Es wird viele Dinge geben, über die wir uns unterhalten werden müssen - der Umgang mit dem Standschützenmarsch gehört dazu. Angestoßen von Markus Wilhelm gibt es darüber zum Glück eine Diskussion - und sie hat sowohl in der Landesverwaltung schon einiges bewegt wie sie auch im Blasmusikverband Diskussionen angestoßen hat. Wo uns diese Diskussion hinführen wird? Das weiß ich noch nicht; wenn ich das wüsste bräuchte es die Diskussion ja nicht. Ein bisschen Geduld wird man hier von allen Beteiligten wohl verlangen dürfen. Der Standschützenmarsch wird aber ebenfalls nicht das einzige sein, worüber wir reden sollten. Noch immer ist in vielen Köpfen in Tirol und auch in der Tiroler Politik noch nicht angekommen, wie ein bewusster Umgang mit Tirols Geschichte aussehen könnte, und dass es in dieser Geschichte Licht und Schatten gibt - im Land ebenso wie in vielen Familien. Ich habe mich deshalb darüber gefreut, dass die Premiere von "Zersplitterte Nacht" im Metropol-Kino gut besucht war: das Thema ist die Pogromnacht vom 9. November 1938 in Innsbruck und der Mord an vier Innsbruckern in dieser Nacht. Und ich habe den Diskussionen dort vor Ort entnommen, dass es jetzt vielleicht die Chance gibt, endlich einmal etwas gegen das Grab des Mörders Gerhard Lausegger am Innsbrucker Westfriedhof zu tun. "Das gibt uns jedes Mal einen Stich ins Herz, wenn wir am Weg zum jüdischen Friedhof daran vorbei müssen" sagte Esther Fritsch, die Präsidentin der israelitischen Kultusgemeinde dazu. Und die Reaktion ihrer Gesprächspartnerin dazu hat mich sehr gefreut, vielleicht wird sie sie demnächst selbst öffentlich machen.

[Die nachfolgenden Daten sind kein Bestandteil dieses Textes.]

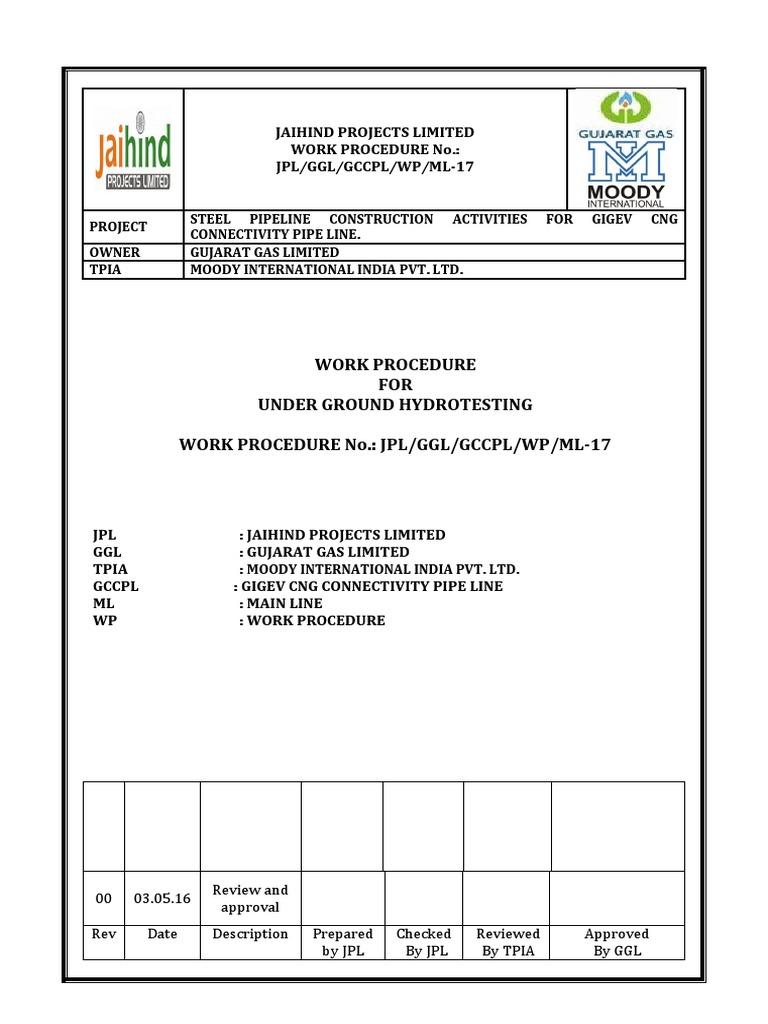 Underground Hydrostatic Testing Procedure for the Gigev CNG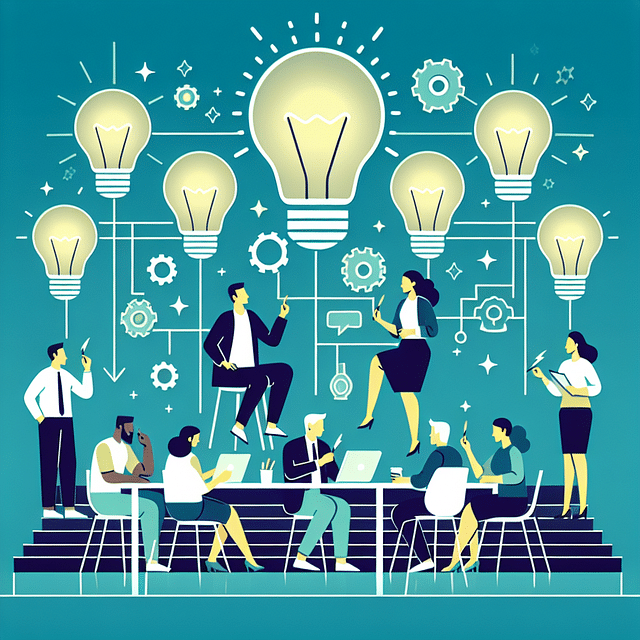 brainstorming session with lightbulb moments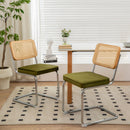 Rattan Side Accent Dining Chairs With Painted Legs (Set of 2)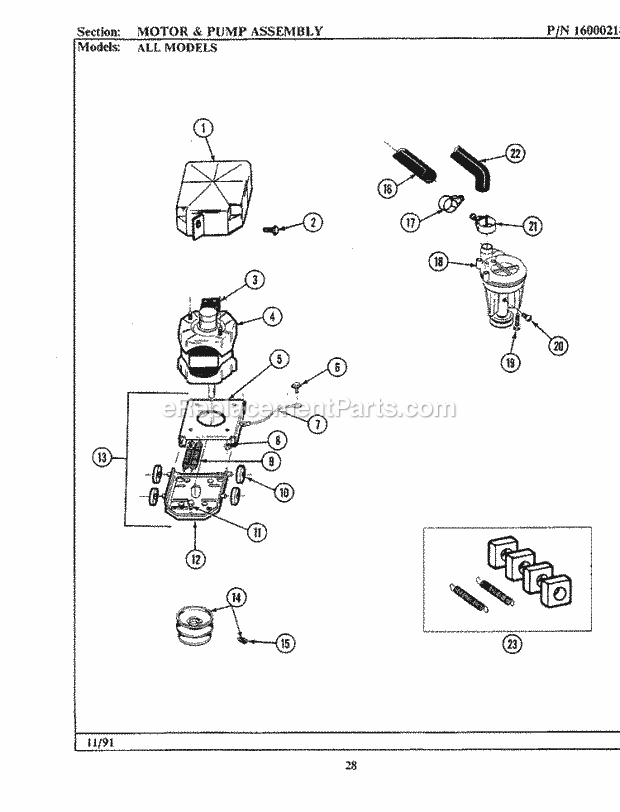 Maytag LA211 Washer-Top Loading Motor & Pump Assembly Diagram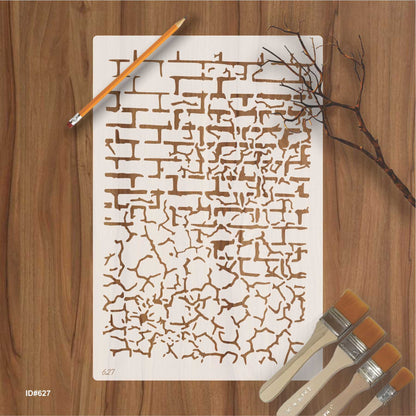 Craket and Brick Stencil Painting Scrapbook Coloring Embossing Album Decor Template. ID #627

Ein kritischer und verantwortungsvoller Umgang mit der NS-Geschichte Tirols ist nichts, was sich innerhalb einiger Wochen verwirklichen lässt. Er ist vor allem nichts, was sich verordnen lässt, schon gar nicht in Form eines "offiziellen Tirol-Bildes". Ein kritischer und verantwortungsvoller Umgang ist ein demokratischer Umgang, und ein "offizielles Tirol-Bild" ist das Gegenteil eines demokratischen Umgangs.